As a global language, English is in demand worldwide for various reasons, from entertainment to degree requirements to work. With that in mind, simply by joining the industry, you’ll be making a difference, regardless of the capacity that you decide to join it in.
For those unsure as to the shape your English teaching career could take, these are some of the various paths you could pursue.
The most important first step towards becoming an English teacher is getting your TEFL qualification. The industry standard is 120 hours, and the best part is that you can complete it online or in person, depending on where you’re based. Much like how your qualification could take you almost anywhere in the world, you can be based wherever you want while undertaking your training.
If you’re interested in making as much of a difference as possible, you could also consider taking some additional, supplementary courses. Learn how to teach Business English, young learners and prepare students for exams to maximise your potential. For more information on TEFL requirements, check out the TEFL org survey here.
Teaching young learners English can be beneficial to them in many ways, regardless of whether you are teaching in schools abroad, or travelling with your computer and teaching online around the world. In a world now accustomed to utilising technology, you can still make a difference as an English teacher from behind your screen, as houseofcoco.net explores in further detail.
Language learning at a young age has the advantage of children being able to learn unconsciously and absorb and reproduce what you teach more easily, instead of grappling with understanding the various grammar rules. Choosing to teach kids English thus means setting them up for a world of possibilities.
While you may encounter students who already have a strong understanding of the language, many will still need a hand with passing the various English exams required for university and the working world. When it comes to getting the best mark possible, knowledge of the language alone is not enough.
You can make a difference as an English teacher by teaching your students exam-targeted skills, such as skim-reading, identifying listening distractors and structuring essays in English. Once they’ve got these down, English exams will no longer be obstacles standing in the way of them being able to pursue higher education wherever they want in the world or landing their dream job.
Despite it being highly likely that many academics engage with the English language regularly, due to the vast majority of scientific papers being in English, this doesn’t necessarily mean that they are confident users of the language.

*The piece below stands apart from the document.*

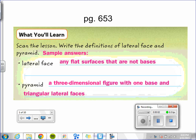This is Chapter 8, Lesson 5: Volume of Pyramids. A lateral face is any flat surface that is not a base, and a pyramid is a three-dimensional figure with one base and lateral faces that are in the shape of triangles.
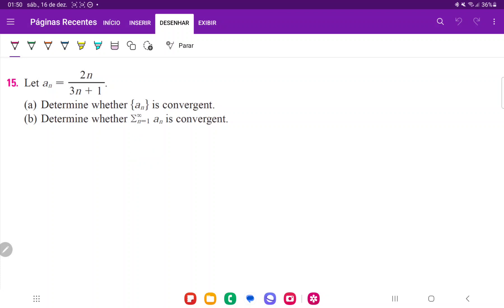So the sequence is just a list of terms, right? So we're saying, hey, if n gets super large, is this list going somewhere? Like, does it go to a particular number, or does it go to infinity or negative infinity, or does it just oscillate around?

Teaching English to academics, therefore, can help them address any doubts they have or repeated mistakes they make with the language so that they can feel at ease contributing to the world of academia.

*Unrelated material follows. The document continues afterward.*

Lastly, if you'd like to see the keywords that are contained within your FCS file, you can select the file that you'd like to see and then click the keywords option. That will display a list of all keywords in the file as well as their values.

In addition to this, a little bit of general knowledge can go a long way. Perhaps they have mastered academic writing in English but have some vocabulary gaps when it comes to making small talk at conferences. Some conversation-focused lessons in this case can do a world of good and help academics feel comfortable in any work-related situation they find themselves in.
Teach Business English
With English as the global language of business, a basic understanding of it is vital. Moreover, it will be expected for companies that operate internationally. With this in mind, teaching Business English can make a huge difference as you’ll be teaching your students more specific vocabulary they won’t have studied at school as well as skills to hold their own in any work situation.
The value of learning this niche of English lies in the mishaps and potential faux pas you can avoid. It is just as important to know how to send a well-written, diplomatic email as it is to understand your client’s accent and frequent use of business idioms and phrasal verbs.

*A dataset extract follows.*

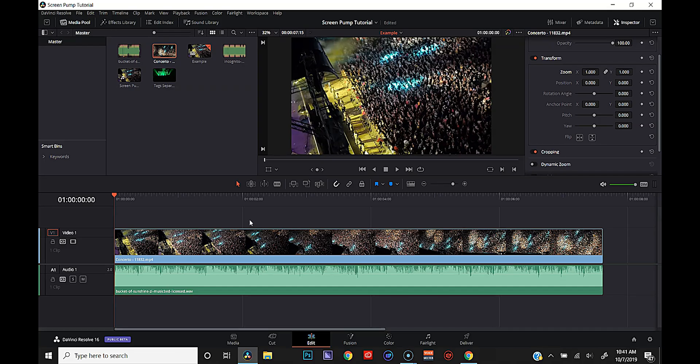We're here in DaVinci Resolve. I've already got an audio clip and a video clip lined up and ready to go. The first thing we want to do is set markers at each one of the bass drum hits, so we're going to play through this music and hit the M key on our keyboard every time we hear that bass drum. Let's go ahead and do that.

Moving country is already a mammoth task in itself and not knowing the local language can make that even harder. Nonetheless, even if you’re not moving to an English-speaking country, knowing English can help circumvent those communication problems.
There are approximately 1.35 billion English speakers in the world, around 360 million of whom are native speakers, so the odds of meeting people who speak English, wherever you are in the world, are in your favour.
While they may want to eventually learn the local language, teaching English to migrants or people about to migrate will allow them to start tackling those initial tasks of setting up their new life. These can be as mundane as registering in their new country or as simple as getting their shopping done.
Teach General English
You don’t necessarily have to think big when it comes to making a difference in the world by teaching English abroad. General English has its own purpose too and can allow people to retire and travel the world without worrying about not being understood.
What’s more, you can easily tailor your lessons to suit the conversational needs of your students and hone in on the areas they are most insecure about. Activities like roleplay following pre-teaching of relevant vocabulary can really help in these types of classes.
Alongside this, teaching General English gives people the opportunity to enjoy various forms of entertainment, such as books, TV shows, and films in the original language. While we live in a world where it’s easy enough to change the language on Netflix or rely on translations, knowing English gives people the opportunity to discover a side of the world that can get lost in translation.
Overall, if making a difference by teaching English abroad is your aim, then the best thing you can do is get TEFL qualified. Making a difference takes many different shapes and forms in the ESL industry, and pursuing your interests in English teaching goes hand in hand with helping others. What niche you choose is ultimately up to you.